Exactly the lines from the one containing "craig wright critica" through the end of the data, and nothing more, should be retyped; pictures stay out.

__Source data__:
****************************************

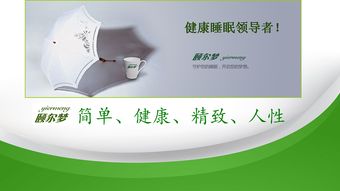 陶瓷品牌如何用名字和图片讲好故事？这份实战指南请收好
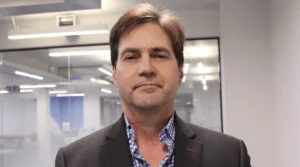 craig wright critica governança do bitcoin e controle de desenvolvedores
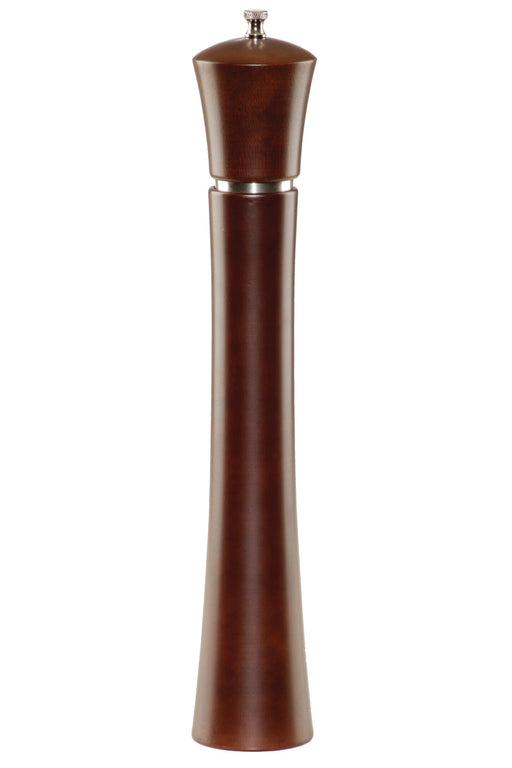 Chef Specialties 17880 Pepper Mill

****************************************

__Answer section__:
 craig wright critica governança do bitcoin e controle de desenvolvedores
 Chef Specialties 17880 Pepper Mill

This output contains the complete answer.